[To do]: Please write out each entry below exactly as it appears.
Exercise material below:
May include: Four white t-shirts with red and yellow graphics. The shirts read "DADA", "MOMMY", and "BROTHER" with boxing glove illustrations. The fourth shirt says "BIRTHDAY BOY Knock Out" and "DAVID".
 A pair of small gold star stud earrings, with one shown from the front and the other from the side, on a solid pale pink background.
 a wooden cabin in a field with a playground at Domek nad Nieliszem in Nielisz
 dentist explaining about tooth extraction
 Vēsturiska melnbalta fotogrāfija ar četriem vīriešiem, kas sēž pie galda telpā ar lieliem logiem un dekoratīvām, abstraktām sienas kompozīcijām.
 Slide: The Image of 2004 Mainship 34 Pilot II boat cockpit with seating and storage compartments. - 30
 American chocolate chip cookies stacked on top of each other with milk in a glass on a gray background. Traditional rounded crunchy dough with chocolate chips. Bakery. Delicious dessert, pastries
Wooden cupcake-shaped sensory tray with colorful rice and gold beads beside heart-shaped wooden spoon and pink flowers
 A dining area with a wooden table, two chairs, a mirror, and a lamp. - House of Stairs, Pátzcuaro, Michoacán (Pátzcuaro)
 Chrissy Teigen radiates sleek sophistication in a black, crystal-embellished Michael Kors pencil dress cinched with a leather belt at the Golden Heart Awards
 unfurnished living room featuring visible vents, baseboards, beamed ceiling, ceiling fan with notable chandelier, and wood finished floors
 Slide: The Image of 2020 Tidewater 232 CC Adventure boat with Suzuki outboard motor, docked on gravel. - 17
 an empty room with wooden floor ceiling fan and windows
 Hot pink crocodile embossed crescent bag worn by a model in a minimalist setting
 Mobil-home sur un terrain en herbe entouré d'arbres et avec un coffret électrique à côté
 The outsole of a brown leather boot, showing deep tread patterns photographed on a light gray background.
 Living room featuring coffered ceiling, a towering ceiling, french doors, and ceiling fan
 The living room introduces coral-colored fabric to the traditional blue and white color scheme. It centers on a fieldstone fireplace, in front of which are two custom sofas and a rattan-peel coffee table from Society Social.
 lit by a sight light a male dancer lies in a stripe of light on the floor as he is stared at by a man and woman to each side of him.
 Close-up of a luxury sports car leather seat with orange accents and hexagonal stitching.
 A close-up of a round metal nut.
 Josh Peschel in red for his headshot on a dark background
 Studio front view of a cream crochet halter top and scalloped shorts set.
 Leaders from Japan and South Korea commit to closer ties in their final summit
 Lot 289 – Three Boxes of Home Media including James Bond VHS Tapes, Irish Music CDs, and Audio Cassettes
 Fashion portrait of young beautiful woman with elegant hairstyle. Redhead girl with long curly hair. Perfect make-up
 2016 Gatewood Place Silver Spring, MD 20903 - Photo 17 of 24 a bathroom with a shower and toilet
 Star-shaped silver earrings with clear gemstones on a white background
End of Exercise material.
[Task response]:
May include: Four white t-shirts with red and yellow graphics. The shirts read "DADA", "MOMMY", and "BROTHER" with boxing glove illustrations. The fourth shirt says "BIRTHDAY BOY Knock Out" and "DAVID".
 A pair of small gold star stud earrings, with one shown from the front and the other from the side, on a solid pale pink background.
 a wooden cabin in a field with a playground at Domek nad Nieliszem in Nielisz
 dentist explaining about tooth extraction
 Vēsturiska melnbalta fotogrāfija ar četriem vīriešiem, kas sēž pie galda telpā ar lieliem logiem un dekoratīvām, abstraktām sienas kompozīcijām.
 Slide: The Image of 2004 Mainship 34 Pilot II boat cockpit with seating and storage compartments. - 30
 American chocolate chip cookies stacked on top of each other with milk in a glass on a gray background. Traditional rounded crunchy dough with chocolate chips. Bakery. Delicious dessert, pastries
Wooden cupcake-shaped sensory tray with colorful rice and gold beads beside heart-shaped wooden spoon and pink flowers
 A dining area with a wooden table, two chairs, a mirror, and a lamp. - House of Stairs, Pátzcuaro, Michoacán (Pátzcuaro)
 Chrissy Teigen radiates sleek sophistication in a black, crystal-embellished Michael Kors pencil dress cinched with a leather belt at the Golden Heart Awards
 unfurnished living room featuring visible vents, baseboards, beamed ceiling, ceiling fan with notable chandelier, and wood finished floors
 Slide: The Image of 2020 Tidewater 232 CC Adventure boat with Suzuki outboard motor, docked on gravel. - 17
 an empty room with wooden floor ceiling fan and windows
 Hot pink crocodile embossed crescent bag worn by a model in a minimalist setting
 Mobil-home sur un terrain en herbe entouré d'arbres et avec un coffret électrique à côté
 The outsole of a brown leather boot, showing deep tread patterns photographed on a light gray background.
 Living room featuring coffered ceiling, a towering ceiling, french doors, and ceiling fan
 The living room introduces coral-colored fabric to the traditional blue and white color scheme. It centers on a fieldstone fireplace, in front of which are two custom sofas and a rattan-peel coffee table from Society Social.
 lit by a sight light a male dancer lies in a stripe of light on the floor as he is stared at by a man and woman to each side of him.
 Close-up of a luxury sports car leather seat with orange accents and hexagonal stitching.
 A close-up of a round metal nut.
 Josh Peschel in red for his headshot on a dark background
 Studio front view of a cream crochet halter top and scalloped shorts set.
 Leaders from Japan and South Korea commit to closer ties in their final summit
 Lot 289 – Three Boxes of Home Media including James Bond VHS Tapes, Irish Music CDs, and Audio Cassettes
 Fashion portrait of young beautiful woman with elegant hairstyle. Redhead girl with long curly hair. Perfect make-up
 2016 Gatewood Place Silver Spring, MD 20903 - Photo 17 of 24 a bathroom with a shower and toilet
 Star-shaped silver earrings with clear gemstones on a white background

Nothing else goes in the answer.